試練の世界
次の目的地、試練の世界に到着したリョウマたち三人。今回も次元の穴を通るのは簡単であった。
「すごいね。顔パスじゃん。ヴァルちゃんって一体何者なの?」
新しく仲間になったミーアが、驚きの表情で尋ねる。今回の世界間の移動も、見張り番にヴァルの顔を見せただけで難なく通過できたのだった。しかしリョウマも、未だその理由を知ることはなかった。

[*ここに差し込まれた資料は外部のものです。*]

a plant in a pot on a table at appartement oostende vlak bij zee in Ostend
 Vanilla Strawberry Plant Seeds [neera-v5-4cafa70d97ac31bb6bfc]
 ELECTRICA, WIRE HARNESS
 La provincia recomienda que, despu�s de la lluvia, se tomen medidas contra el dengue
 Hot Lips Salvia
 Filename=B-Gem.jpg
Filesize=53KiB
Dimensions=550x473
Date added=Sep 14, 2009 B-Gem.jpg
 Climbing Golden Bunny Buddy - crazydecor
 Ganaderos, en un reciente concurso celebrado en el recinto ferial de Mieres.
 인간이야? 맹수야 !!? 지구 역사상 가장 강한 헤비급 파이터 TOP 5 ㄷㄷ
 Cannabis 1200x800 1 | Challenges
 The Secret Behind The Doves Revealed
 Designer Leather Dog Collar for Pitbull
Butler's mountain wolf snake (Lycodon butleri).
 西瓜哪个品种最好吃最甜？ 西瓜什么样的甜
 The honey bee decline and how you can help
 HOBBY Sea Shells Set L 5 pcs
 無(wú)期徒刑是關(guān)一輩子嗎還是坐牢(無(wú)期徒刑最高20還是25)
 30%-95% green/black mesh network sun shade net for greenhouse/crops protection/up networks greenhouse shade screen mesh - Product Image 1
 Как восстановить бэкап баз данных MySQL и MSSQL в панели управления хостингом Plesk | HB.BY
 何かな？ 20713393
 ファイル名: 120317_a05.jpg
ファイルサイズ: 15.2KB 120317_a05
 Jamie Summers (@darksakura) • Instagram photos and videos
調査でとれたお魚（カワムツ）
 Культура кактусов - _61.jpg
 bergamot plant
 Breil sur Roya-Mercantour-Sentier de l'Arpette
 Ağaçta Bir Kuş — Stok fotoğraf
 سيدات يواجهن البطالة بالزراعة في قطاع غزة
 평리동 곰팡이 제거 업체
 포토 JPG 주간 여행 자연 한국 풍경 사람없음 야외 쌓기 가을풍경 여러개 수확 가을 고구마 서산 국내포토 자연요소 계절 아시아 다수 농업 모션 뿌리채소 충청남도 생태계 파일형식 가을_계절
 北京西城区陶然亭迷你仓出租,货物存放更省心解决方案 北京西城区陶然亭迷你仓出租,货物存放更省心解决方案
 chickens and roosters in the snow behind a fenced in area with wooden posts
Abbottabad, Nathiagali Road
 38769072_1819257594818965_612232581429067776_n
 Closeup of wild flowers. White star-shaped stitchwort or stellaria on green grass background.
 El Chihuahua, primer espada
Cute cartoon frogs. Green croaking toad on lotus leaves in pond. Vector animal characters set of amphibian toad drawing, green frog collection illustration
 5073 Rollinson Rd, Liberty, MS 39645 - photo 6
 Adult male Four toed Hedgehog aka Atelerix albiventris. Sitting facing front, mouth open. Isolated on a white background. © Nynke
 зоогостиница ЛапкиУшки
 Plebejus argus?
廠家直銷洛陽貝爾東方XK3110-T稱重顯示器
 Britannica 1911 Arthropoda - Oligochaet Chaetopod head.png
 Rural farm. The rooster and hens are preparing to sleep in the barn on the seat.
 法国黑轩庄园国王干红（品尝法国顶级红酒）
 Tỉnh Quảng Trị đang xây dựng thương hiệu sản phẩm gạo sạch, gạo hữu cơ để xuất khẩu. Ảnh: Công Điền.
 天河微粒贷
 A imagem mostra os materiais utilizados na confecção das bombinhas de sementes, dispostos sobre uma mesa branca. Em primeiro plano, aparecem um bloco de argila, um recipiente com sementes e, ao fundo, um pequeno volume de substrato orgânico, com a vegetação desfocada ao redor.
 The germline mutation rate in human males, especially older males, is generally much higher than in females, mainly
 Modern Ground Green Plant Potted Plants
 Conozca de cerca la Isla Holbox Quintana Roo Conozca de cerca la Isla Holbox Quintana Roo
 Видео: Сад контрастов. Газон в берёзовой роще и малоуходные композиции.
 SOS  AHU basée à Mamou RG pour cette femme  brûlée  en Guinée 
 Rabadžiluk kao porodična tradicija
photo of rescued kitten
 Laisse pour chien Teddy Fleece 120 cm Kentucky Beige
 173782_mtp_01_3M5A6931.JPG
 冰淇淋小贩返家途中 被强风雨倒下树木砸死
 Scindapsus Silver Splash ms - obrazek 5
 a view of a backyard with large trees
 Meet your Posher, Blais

「さあ。俺もわからない。こっちが聞きたいくらいなんだけど、教えてくれないんだ」
「ふーん。気になるなぁ。でも、無理に聞くのも野暮ってもんだからね。本人が話さないなら仕方ないね」
彼女の信条なのだろうか、ミーアはそれ以上追及することはなかった。
「さ、さあ、ここが試練の世界、タスクルドですよ。まずは人の住む集落を探しましょう」
話題を強引に変えるように、ヴァルが切り出した。
タスクルドは、見渡す限り荒野が広がっており、リョウマは西部劇の風景を思い出した。気温はルケノリアほどではないが、太陽の日差しが照りつける暑い地だった。それゆえ、服装は変える必要はなかったが、ヴァル曰く、この世界では服装を変えただけでは正体を隠すことにならない、とのことだった。いまいちその言葉の意味を理解できないリョウマであったが、後にそれを実感することとなる。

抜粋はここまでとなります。